On Tue, 2018-09-04 at 17:31 +0800, Bin Meng wrote:
Hi Lukas,
On Tue, Sep 4, 2018 at 5:39 AM Auer, Lukas lukas.auer@aisec.fraunhofer.de wrote:
On Thu, 2018-08-30 at 00:54 -0700, Bin Meng wrote:
This adds QEMU RISC-V 'virt' board target support, with the hope of helping people easily test U-Boot on RISC-V.
The QEMU virt machine models a generic RISC-V virtual machine with support for the VirtIO standard networking and block storage devices. It has CLINT, PLIC, 16550A UART devices in addition to VirtIO and it also uses device-tree to pass configuration information to guest software. It implements RISC-V privileged architecture spec v1.10.
Both 32-bit and 64-bit builds are supported. Support is pretty much preliminary, only booting to U-Boot shell with the UART driver on a single core. Booting Linux is not supported yet.
For your information and to avoid duplicate work, I am working on a patch set that improves RISC-V support in u-boot. I am currently able to boot Linux on a multi-core setup in QEMU, but they are not quite ready to submit yet.

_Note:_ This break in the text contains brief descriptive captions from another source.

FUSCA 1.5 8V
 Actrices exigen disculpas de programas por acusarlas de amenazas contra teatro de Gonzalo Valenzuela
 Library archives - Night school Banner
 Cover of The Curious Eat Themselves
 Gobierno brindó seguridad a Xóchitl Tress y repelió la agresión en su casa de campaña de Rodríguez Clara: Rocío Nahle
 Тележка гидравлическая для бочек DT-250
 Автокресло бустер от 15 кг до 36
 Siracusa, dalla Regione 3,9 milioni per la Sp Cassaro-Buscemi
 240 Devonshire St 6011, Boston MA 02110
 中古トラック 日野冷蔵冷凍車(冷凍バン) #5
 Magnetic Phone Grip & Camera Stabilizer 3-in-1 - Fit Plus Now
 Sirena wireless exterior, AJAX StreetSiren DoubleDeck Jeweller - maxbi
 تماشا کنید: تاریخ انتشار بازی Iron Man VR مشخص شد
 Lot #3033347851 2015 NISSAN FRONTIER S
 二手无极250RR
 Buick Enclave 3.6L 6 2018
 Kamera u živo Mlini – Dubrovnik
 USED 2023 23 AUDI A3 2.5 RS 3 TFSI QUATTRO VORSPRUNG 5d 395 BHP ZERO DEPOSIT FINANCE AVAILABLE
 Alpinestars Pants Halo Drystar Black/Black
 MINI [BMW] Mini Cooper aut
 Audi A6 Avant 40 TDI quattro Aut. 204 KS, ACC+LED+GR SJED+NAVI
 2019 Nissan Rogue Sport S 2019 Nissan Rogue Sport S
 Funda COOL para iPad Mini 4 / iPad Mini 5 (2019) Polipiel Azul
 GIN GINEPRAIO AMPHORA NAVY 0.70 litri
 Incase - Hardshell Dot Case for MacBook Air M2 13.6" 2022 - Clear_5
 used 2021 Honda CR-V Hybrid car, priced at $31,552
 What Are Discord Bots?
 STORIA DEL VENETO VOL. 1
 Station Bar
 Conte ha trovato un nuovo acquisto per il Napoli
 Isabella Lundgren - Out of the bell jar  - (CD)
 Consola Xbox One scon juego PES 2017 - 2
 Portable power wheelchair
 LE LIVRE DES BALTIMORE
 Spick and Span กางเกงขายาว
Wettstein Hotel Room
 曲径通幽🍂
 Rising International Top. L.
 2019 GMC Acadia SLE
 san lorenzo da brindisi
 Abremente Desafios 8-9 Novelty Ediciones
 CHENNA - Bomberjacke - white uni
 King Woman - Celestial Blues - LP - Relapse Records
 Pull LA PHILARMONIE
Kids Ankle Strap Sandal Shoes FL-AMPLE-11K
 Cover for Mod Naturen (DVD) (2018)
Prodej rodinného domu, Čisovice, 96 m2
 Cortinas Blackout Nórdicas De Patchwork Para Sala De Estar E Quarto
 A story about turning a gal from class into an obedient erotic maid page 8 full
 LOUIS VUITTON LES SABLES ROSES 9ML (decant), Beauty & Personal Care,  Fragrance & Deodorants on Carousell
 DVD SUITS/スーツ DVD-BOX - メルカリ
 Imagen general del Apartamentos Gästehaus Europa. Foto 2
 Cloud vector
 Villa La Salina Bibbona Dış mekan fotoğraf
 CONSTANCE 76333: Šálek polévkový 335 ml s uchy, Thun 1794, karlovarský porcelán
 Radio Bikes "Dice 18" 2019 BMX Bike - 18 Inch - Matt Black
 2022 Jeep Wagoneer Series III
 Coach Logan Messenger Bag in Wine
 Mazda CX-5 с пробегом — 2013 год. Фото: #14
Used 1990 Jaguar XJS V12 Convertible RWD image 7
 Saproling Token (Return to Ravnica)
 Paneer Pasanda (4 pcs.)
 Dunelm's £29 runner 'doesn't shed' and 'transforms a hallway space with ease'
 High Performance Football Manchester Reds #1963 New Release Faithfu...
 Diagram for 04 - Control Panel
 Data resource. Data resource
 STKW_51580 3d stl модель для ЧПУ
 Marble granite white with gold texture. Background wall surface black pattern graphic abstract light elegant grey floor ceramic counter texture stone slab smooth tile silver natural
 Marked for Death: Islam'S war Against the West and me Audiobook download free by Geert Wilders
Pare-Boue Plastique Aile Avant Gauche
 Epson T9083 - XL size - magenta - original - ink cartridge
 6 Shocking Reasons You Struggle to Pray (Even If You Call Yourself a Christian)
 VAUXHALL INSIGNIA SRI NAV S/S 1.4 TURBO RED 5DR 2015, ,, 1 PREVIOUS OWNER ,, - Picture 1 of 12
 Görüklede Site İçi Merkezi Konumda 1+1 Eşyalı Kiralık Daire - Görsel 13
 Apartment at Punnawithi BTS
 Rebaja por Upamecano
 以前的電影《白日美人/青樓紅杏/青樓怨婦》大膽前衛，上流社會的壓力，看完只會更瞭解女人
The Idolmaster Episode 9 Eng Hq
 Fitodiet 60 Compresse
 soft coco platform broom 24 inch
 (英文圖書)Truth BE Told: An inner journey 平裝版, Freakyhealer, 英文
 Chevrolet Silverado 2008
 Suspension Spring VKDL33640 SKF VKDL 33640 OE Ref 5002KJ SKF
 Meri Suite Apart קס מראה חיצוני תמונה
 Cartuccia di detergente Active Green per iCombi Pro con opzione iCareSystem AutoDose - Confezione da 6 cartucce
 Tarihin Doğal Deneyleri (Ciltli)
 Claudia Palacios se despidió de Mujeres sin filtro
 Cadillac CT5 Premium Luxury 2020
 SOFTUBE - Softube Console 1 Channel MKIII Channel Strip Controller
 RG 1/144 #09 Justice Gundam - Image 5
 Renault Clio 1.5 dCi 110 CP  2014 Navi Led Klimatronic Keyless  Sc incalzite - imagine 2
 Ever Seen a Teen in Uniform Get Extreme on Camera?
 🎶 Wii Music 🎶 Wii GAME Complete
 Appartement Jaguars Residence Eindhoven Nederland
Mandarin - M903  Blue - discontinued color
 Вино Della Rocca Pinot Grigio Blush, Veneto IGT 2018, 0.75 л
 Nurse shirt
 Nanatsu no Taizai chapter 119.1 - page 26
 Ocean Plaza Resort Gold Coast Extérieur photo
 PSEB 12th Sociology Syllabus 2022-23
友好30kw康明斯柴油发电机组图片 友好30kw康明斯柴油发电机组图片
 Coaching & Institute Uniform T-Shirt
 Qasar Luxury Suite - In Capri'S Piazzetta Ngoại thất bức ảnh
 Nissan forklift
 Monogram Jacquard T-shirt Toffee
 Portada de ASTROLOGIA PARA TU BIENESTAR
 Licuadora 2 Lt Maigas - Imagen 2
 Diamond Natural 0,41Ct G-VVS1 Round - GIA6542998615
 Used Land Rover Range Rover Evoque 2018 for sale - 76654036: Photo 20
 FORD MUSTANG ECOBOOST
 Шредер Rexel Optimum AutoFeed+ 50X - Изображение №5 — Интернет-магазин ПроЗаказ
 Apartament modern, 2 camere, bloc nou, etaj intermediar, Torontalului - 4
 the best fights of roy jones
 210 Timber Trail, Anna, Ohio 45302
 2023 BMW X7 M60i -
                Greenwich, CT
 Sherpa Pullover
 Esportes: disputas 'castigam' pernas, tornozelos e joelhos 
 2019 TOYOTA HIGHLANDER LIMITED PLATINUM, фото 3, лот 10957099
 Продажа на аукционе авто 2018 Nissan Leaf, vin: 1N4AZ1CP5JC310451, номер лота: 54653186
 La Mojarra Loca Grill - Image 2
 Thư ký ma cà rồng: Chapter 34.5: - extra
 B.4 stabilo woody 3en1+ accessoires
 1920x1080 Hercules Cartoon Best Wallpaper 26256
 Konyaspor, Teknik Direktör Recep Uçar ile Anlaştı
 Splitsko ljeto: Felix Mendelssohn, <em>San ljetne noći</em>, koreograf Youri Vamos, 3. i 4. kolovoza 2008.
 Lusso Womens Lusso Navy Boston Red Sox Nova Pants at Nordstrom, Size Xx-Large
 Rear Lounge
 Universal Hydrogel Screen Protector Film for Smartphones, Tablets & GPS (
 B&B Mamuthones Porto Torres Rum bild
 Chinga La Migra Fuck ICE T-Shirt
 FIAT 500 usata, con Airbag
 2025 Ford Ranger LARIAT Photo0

This is great! My next step is to work on virtio driver support in U-Boot as qemu-riscv virt machine has these devices but we don't have corresponding drivers in U-Boot. Then I will try to boot Linux after that. Good to hear you already boot Linux with qemu-riscv! Have you already supported virtio drivers in your port? If yes, I will just hold on and wait for your patch series :-)
Hi Bin,
Support for the virtio devices would be great! I don't support them in my port, I can only boot a kernel image from RAM. I only have a driver for the clint0 (core local interrupt controller), which I need for software interrupts to other cores and as a timer. Software interrupts also work over the supervisor binary interface (SBI), which allows u-boot to run in supervisor mode with bbl running in machine mode to handle the SBI calls.
Thank you for your patches, it's great to see better support for RISC-V in u-boot! I will add a few comments based on what I have learned so far from working with u-boot on RISC-V.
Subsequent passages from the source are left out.